This is a gross oversimplification of how the weather works, because weather patterns are not memoryless, and there are far more options than these three states.

BUT. It will work for us!

Here, we will use the following values to represent each of our states

| State  | Weather  |
|---|---|
| 1 | Sunny |
| 2 | Cloudy  |
| 3 | Rainy  |

The graph above tells us that, if today is sunny, there is a 70% chance that tomorrow will also be sunny, a 10% chance tomorrow will be cloudy, and a 20% chance tomorrow will be rainy.

If today is cloudy, there is a 30% chance tomorrow will also be cloudy, a 50% chance tomorrow will be rainy, and a 20% chance tomorrow will be sunny.

If today is rainy, there is a 60% chance tomorrow will also be rainy, a 10% chance tomorrow will be sunny, and a 30% chance tomorrow will be cloudy.

We will represent our Markov chain as an array (a list in python), as follows:

| Day  | Day 1  | Day 2  | ...  | Day N  |
|---|---|---|---|---|
|State| 1 | 3 |...|2|

We'll start by creating an empty list, then picking the state for the first day.

For each day after that, we'll generate a random number, and then use the probabilities listed above to decide what the next day's weather (state) will be.

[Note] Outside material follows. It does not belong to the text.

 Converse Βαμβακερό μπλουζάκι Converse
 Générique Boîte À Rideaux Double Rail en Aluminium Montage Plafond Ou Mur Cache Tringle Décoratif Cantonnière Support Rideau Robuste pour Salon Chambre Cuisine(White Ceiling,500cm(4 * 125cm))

Fill in the following code to achieve this:

In [None]:
def approximate_weather_distribution(num_steps):
    # Create our empty list of a given number of steps (days)
    weather_chain = np.zeros(num_steps)

    # Set the state of the first day; Integer value for the state
    weather_chain[0] = # -- YOUR CODE HERE --
    
    for i in range(len(weather_chain)-1):
        # Check if today is sunny
        if(weather_chain[i] == 1):
            random_value = np.random.uniform(0,10)
            # Check if we transition to state 2 (cloudy)
            if(# -- YOUR CODE HERE --):
                weather_chain[i+1] = 2
            # Check if we transition to state 3 (rainy)
            elif(# -- YOUR CODE HERE --):
                weather_chain[i+1] = 3
            else:
                weather_chain[i+1] = 1
        # Check if today is cloudy
        elif(weather_chain[i] == 2):

            # -- YOUR CODE HERE --

        # Check if today is rainy
        elif(weather_chain[i] == 3):

            # -- YOUR CODE HERE --

    # Plot our steps
    plt.figure(figsize=(4,4))
    plt.plot(weather_chain)
    plt.show()
    # Plot our Distribution
    plt.figure(figsize=(4,4))
    plt.hist(weather_chain)
    plt.show()
    # Print our results for the distribution
    num_sunny = len(weather_chain[np.where(weather_chain == 1)])
    num_cloudy = len(weather_chain[np.where(weather_chain == 2)])
    num_rainy = len(weather_chain[np.where(weather_chain == 3)])
    print("Sunny: " + str(num_sunny/len(weather_chain)))
    print("Cloudy: " + str(num_cloudy/len(weather_chain)))
    print("Rainy: " + str(num_rainy/len(weather_chain)))

In [None]:
approximate_weather_distribution(1000)

In [None]:
approximate_weather_distribution(100000)

## Markov Chain Monte Carlo 

Markov Chain Monte Carlo combines the above techniques to sample from an unknown probability distribution.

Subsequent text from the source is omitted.